A cat plays with a mouse in a courtyard in Medvode July 16, 2014.
A cat plays with a mouse in a courtyard in Medvode July 16, 2014. REUTERS/Srdjan Zivulovic

Japanese researchers have found ways to make a mouse transparent. They can use a method that removes colour from tissue but also kills the mouse. They can examine each organ or even an entire body without cutting it up, which gives them a "bigger picture" insight into issues they are dealing with.

Kazuki Tainaka, the lead author of a research paper published in the U.S.-based Cell

magazine, said that the new techniques help them to get an insight or "new understanding of the 3D structure of organs and how certain genes are expressed in various tissues." In a statement issued by Japanese research institute RIKEN and its collaborators, he said that the team was amazed that the infant and adult mice bodies could be made "nearly transparent," he said.
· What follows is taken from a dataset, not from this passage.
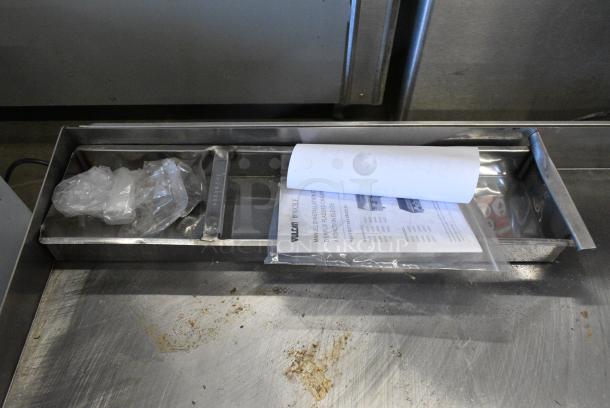 BRAND NEW SCRATCH AND DENT! Wolf AGM72-101 Stainless Steel Commercial Countertop Natural Gas Powered Flat Top Griddle. 162,000 BTU. - Image 7 of 10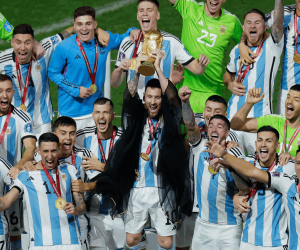 Vestido con una túnica negra, típica del mundo árabe, Lionel <b>Messi</b> alzó la Copa del Mundo este domingo en el estadio de Lusail en Doha.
According to io9.com, researchers employed a technique called CUBIC, or Clear, Unobstructed Brain Imaging Cocktails and Computational Analysis, which can remove all the color from tissues. This technique is a great lever to help the scientists click images of the mouse's brains, hearts, lungs, kidneys, and livers.

The work involved the University of Tokyo as well as the Japan Science and Technology Agency, concentrating on haem, a constituent that lends red colour to blood and is found in most tissues of the body. However, the work meant putting a saline solution through its heart, pushing the blood out of its circulatory system and killing it.

It also involved the injection of a reagent's introduction, which took out the haem from the haemoglobin. The dead mouse was then skinned and soaked in the reagent for two weeks to finalise the task.

They beamed a shaft of laser light that could go upto one specific level, building up a total image of the body, somewhat like a 3D printer that created objects in layers. Tainaka said that it was a step ahead of the microscope, which allows us to look into things is detail, but does not offer us a peek into its context. However, this new technique still cannot be applied to living things, but will help us to grasp details, even as it enables us to get a holistic picture of various things.

Why is this such a mindblowing experiment? It will help scientists to explore into organs and tissues in the lab and even help us to diagnose illnesses in humans, according to Washington Post.

Hiroki Ueda, who led the research team, felt that it would be a guide to tell us how embryos, cancer and autoimmune diseases develop at the cellular level. He did hope that the technique would help us to shift to understand a technique of understanding such diseases more deeply, perhaps even therapeutic strategies quickly. He hoped that it could enable the scientists to achieve one of their biggest aspirations: "organism-level systems biology based on whole-body imaging at single-cell resolution."